Who’s been your best (re)-find? Who ‘s found you that you’re happiest about?

5 thoughts on “Redheads Re-Found — Facebook's Mid-Life Discoveries

  1. citifieddoug

    Now I see why I’m not on Facebook. Never once with red hair, I’m cast out and forced to wander alone through the weathered world.

  2. evyb

    I was on f/b for little over a month (this past January). I joined because I was badgered for years by my friends. F/b was quickly becoming the primary way people cared to communicate with other people and I wanted to stay in the loop so I caved.

    It took less than a month to realize I did not want all the areas of my life convening on one page. There are just certain groups and certain people that have no business connecting. I really wonder how everyone else copes with it: Parents, siblings, distant family, co-workers, friends, frienemies, super religious folk, super non religious folk, fetish groups or cults you may belong too, people with polar political views who are not shy about tire ironing other people they found on *your* page – publicly (on your page).
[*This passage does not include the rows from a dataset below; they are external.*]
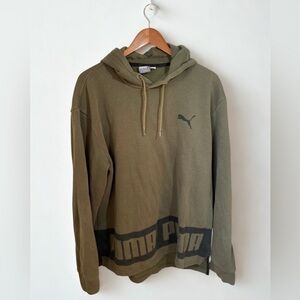 Puma Hunter Green Logo Hoodie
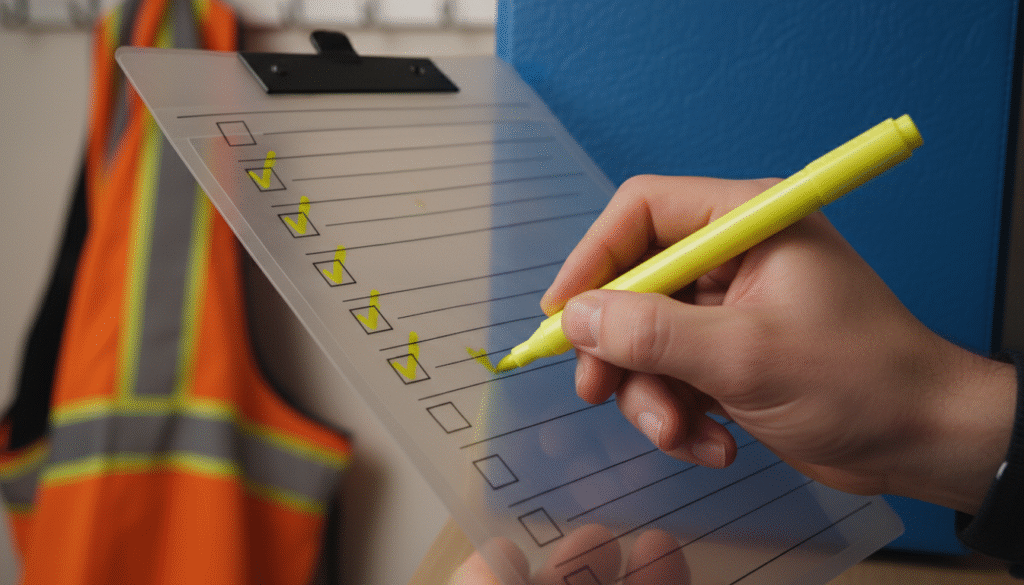 Checklist de madurez Lean para logística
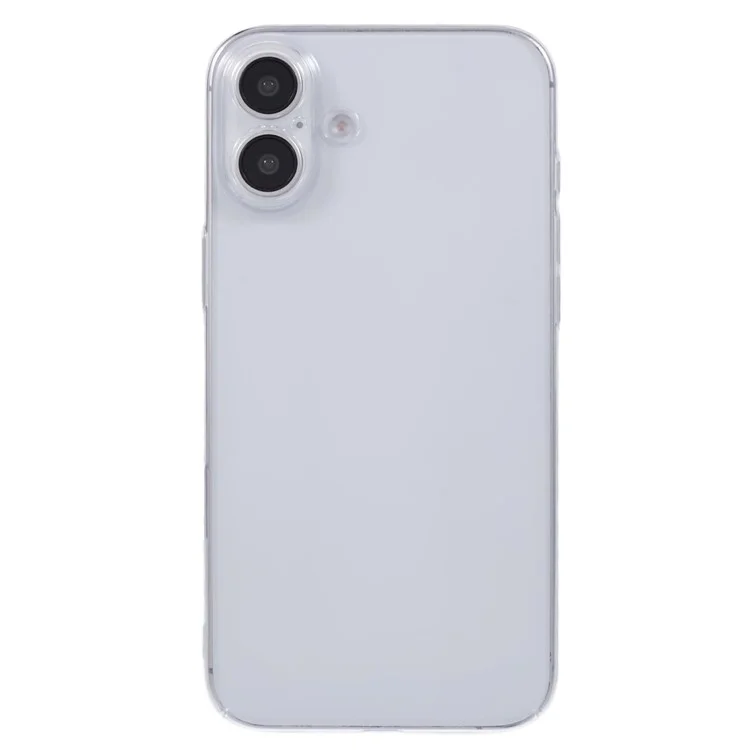 For iPhone 16 Case Shock-Absorption Hard PC Phone Cover Transparent (Precise Lens Cutouts)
    It is like a galactic coalition of things that should not be melded together.

    Needless to say that is just my experience. I recognize it is easier to write a few lines on a social network profile and post it so everyone can see it rather than call 20 people with the same news. I get it.

    I still write letters. I love my fountain pens and antique quills and high quality parchment paper and sealing wax.

  3. Caitlin Kelly

    evyb, lots of great points here. I was just looking at a friend request — from someone who only knows one of my “friends” and that’s someone I barely know, only because we served on the same volunteer board.
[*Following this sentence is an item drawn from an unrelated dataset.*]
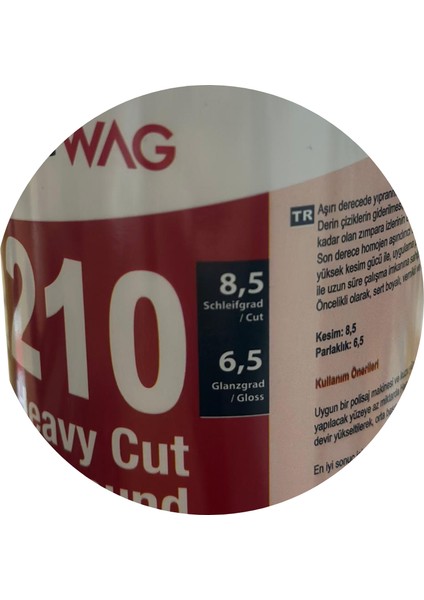 M210 Heavy Cut Compound 1 Lt - P1500 Zımpara Izlerini Gideren Profesyonel Aşındırıcı Pasta modelleri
    I find the FB management piece of it weird for the reasons you describe; I’m doing it largely for professional reasons at this point and careful to post chirpy, amusing “news” most of the time that can’t come back to bite me on the ass. I keep personal stuff for letters/messages I sent directly to the people I know. And half the stuff people post is SO boring!

    I also agree that the sensual pleasures of paper, pen, sealing wax are lovely. I write with a fountain pen and have a collection of gorgeous stationery. I recently received a beautiful dove gray card, a thank-you note, from someone I met professionally and it left an enormously positive impression — compared to an impersonal, lazy email.